**DATASET**
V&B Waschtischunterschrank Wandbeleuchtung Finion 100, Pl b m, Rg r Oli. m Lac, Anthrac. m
--
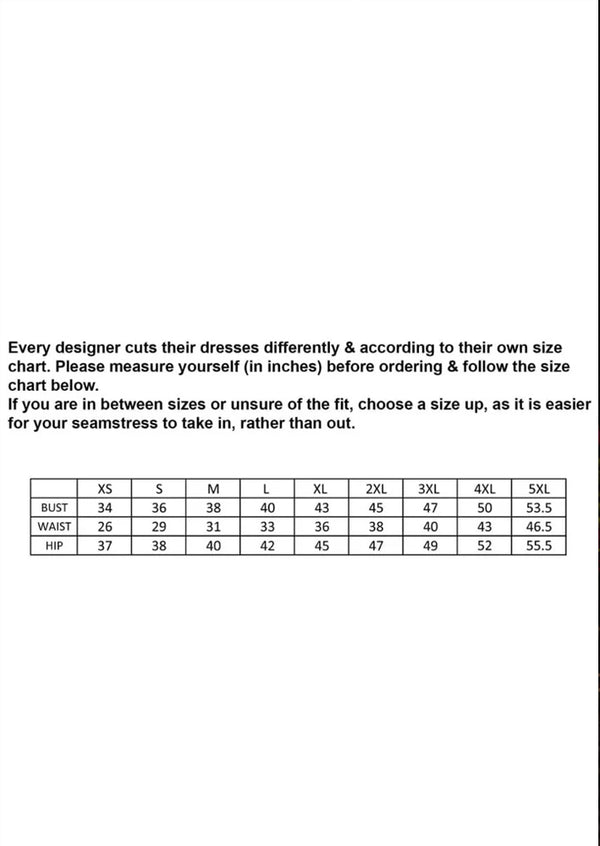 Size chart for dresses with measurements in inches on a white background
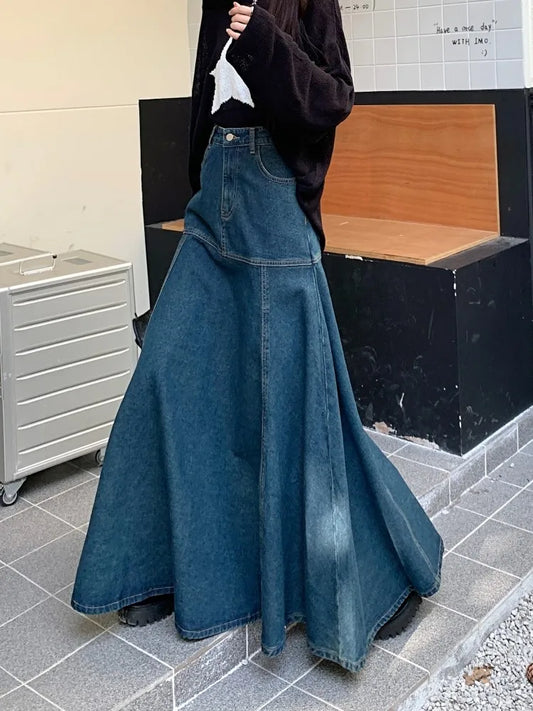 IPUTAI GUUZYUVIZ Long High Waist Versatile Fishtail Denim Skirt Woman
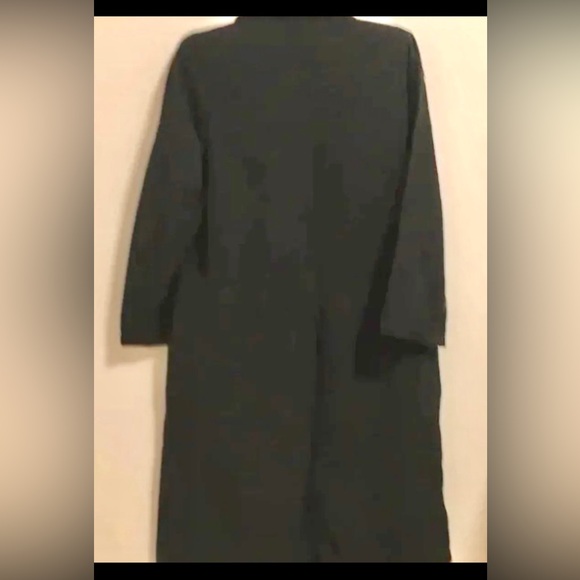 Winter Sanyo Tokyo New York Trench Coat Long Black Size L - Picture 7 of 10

**INSTRUCTIONS TO FOLLOW**
Above are the records; please give again, exactly and in full, only the lines that run from the line with "IPUTAI GUUZYUVIZ Long" through the line with "Winter Sanyo Tokyo", with no pictures.

**EXERCISE SOLUTION**
 IPUTAI GUUZYUVIZ Long High Waist Versatile Fishtail Denim Skirt Woman
 Winter Sanyo Tokyo New York Trench Coat Long Black Size L - Picture 7 of 10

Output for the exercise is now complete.